▶ **Requirement**
Write out the lines of the material below exactly, beginning at the line with "Homme Paire et" and stopping after the line with "A.P.C. canvas shoulder bag Zwart", and leave out the pictures.

BEGIN Information provided

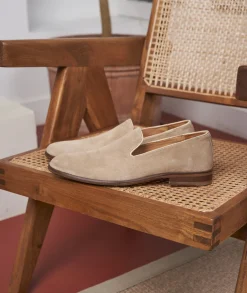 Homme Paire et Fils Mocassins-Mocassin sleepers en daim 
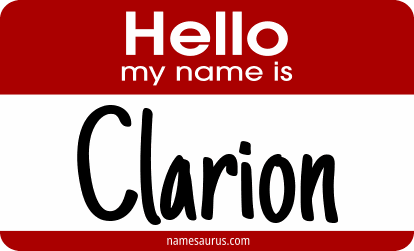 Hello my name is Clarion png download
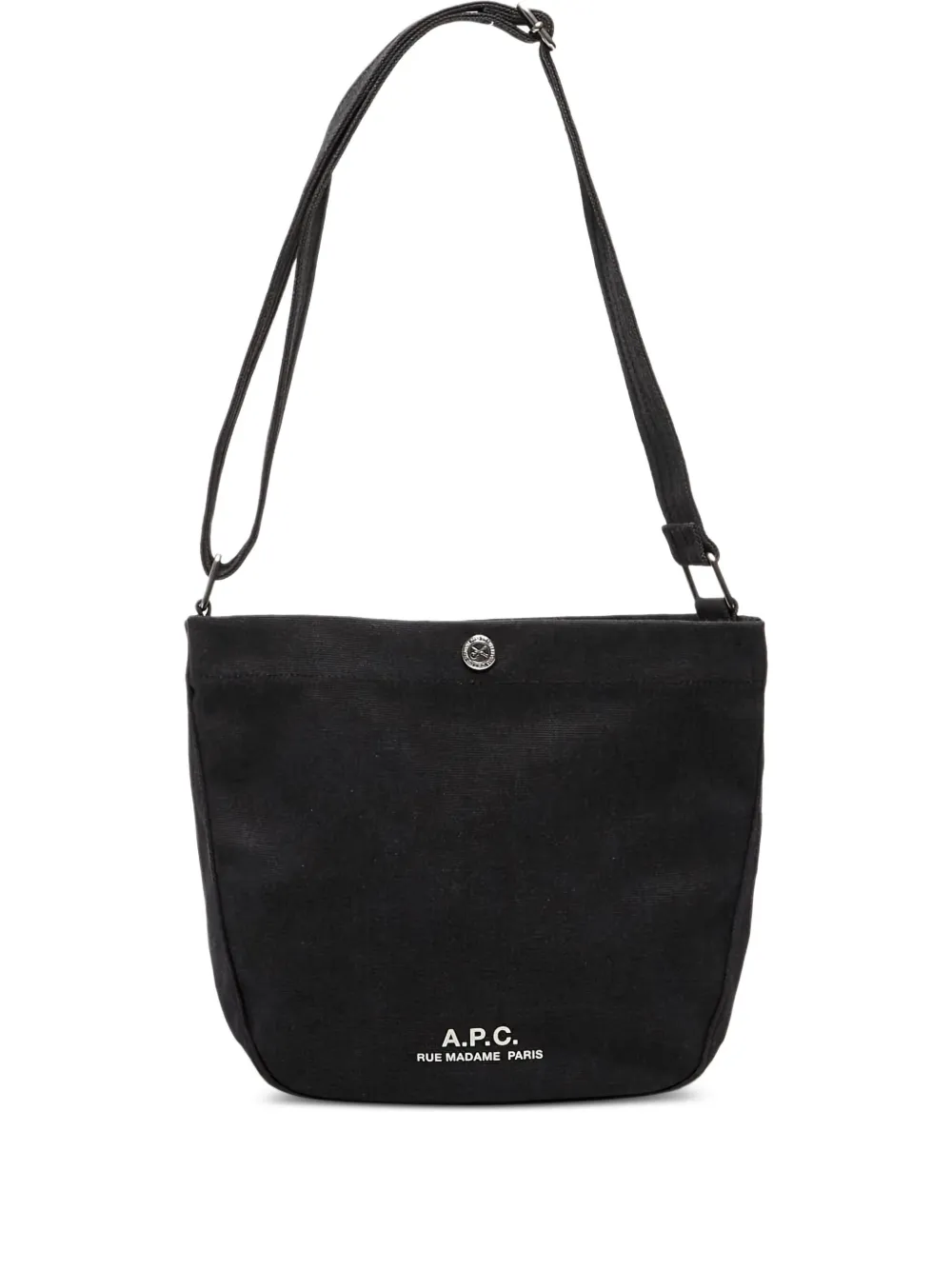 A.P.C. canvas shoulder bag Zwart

END Information provided
BEGIN Information provided

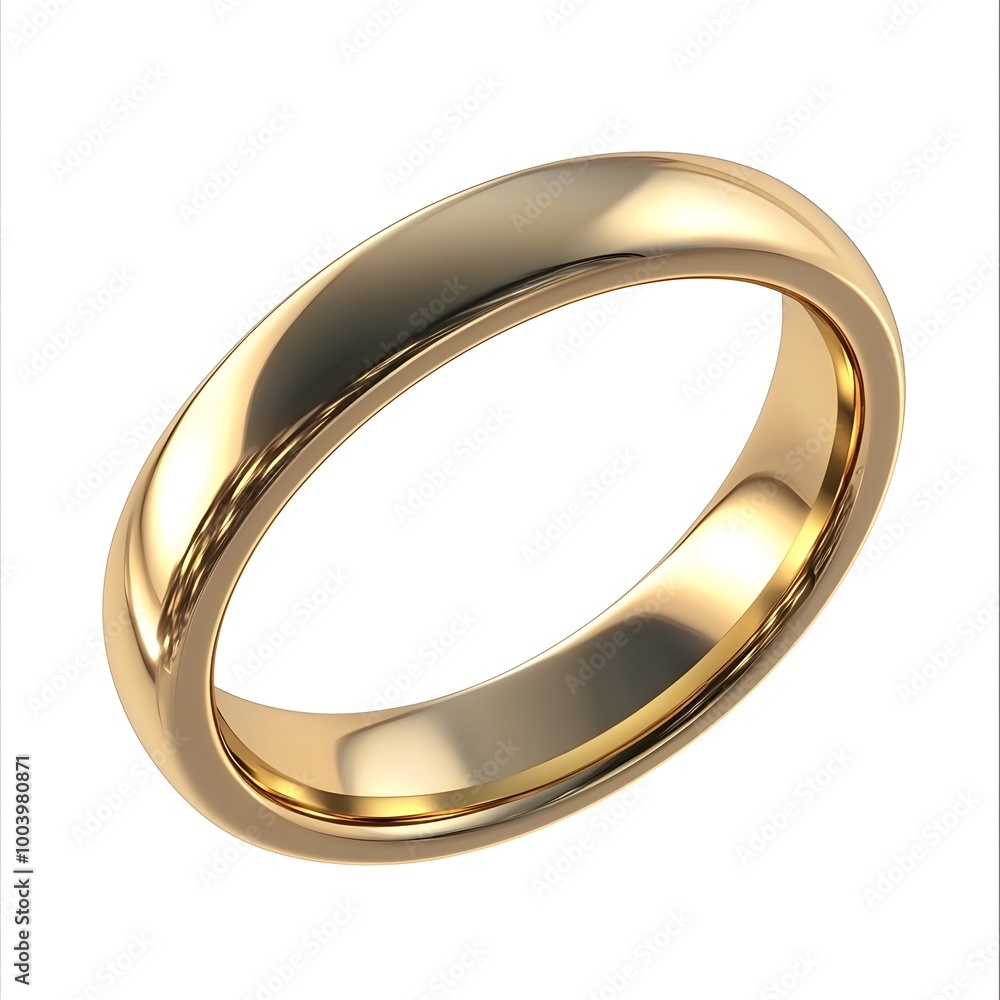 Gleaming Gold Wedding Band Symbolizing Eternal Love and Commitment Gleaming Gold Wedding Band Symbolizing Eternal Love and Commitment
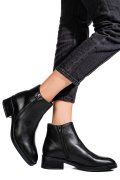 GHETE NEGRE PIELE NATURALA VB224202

END Information provided
BEGIN Information provided

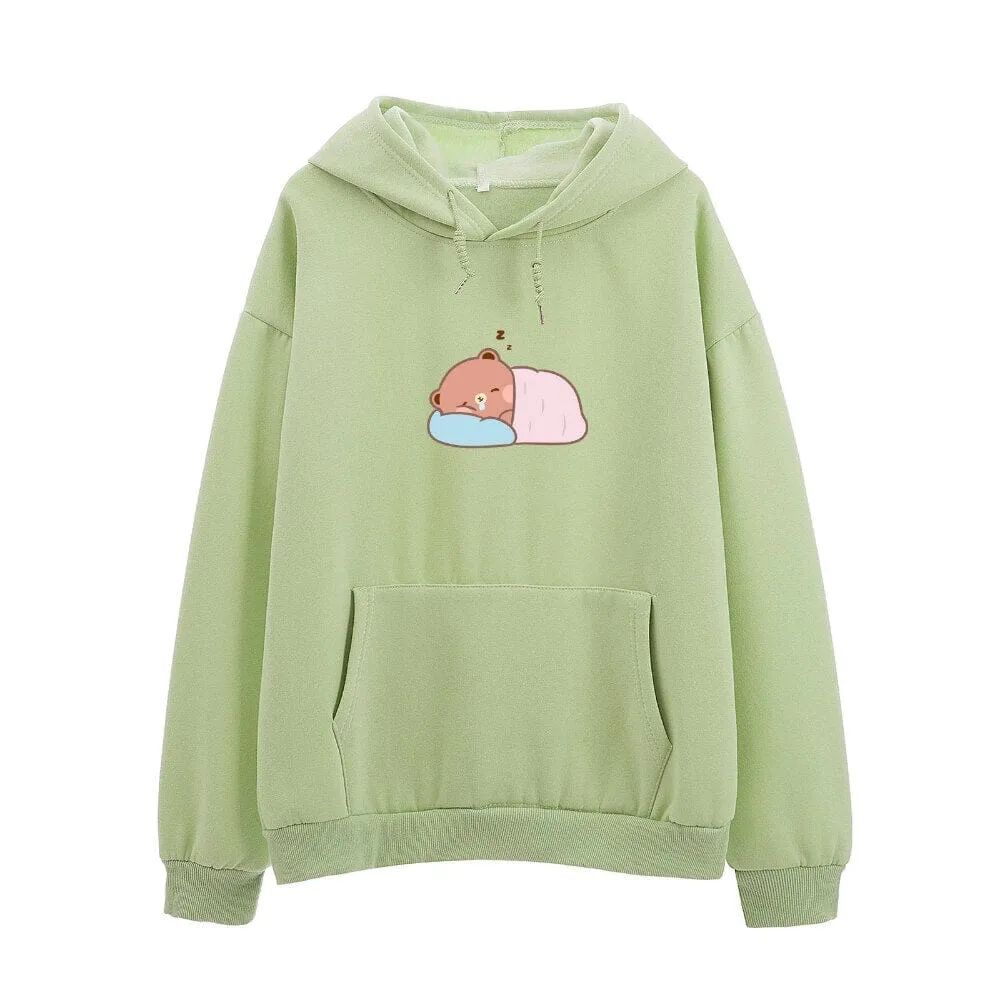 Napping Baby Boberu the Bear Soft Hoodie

END Information provided

▶ **Written reply**
 Homme Paire et Fils Mocassins-Mocassin sleepers en daim 
 Hello my name is Clarion png download
 A.P.C. canvas shoulder bag Zwart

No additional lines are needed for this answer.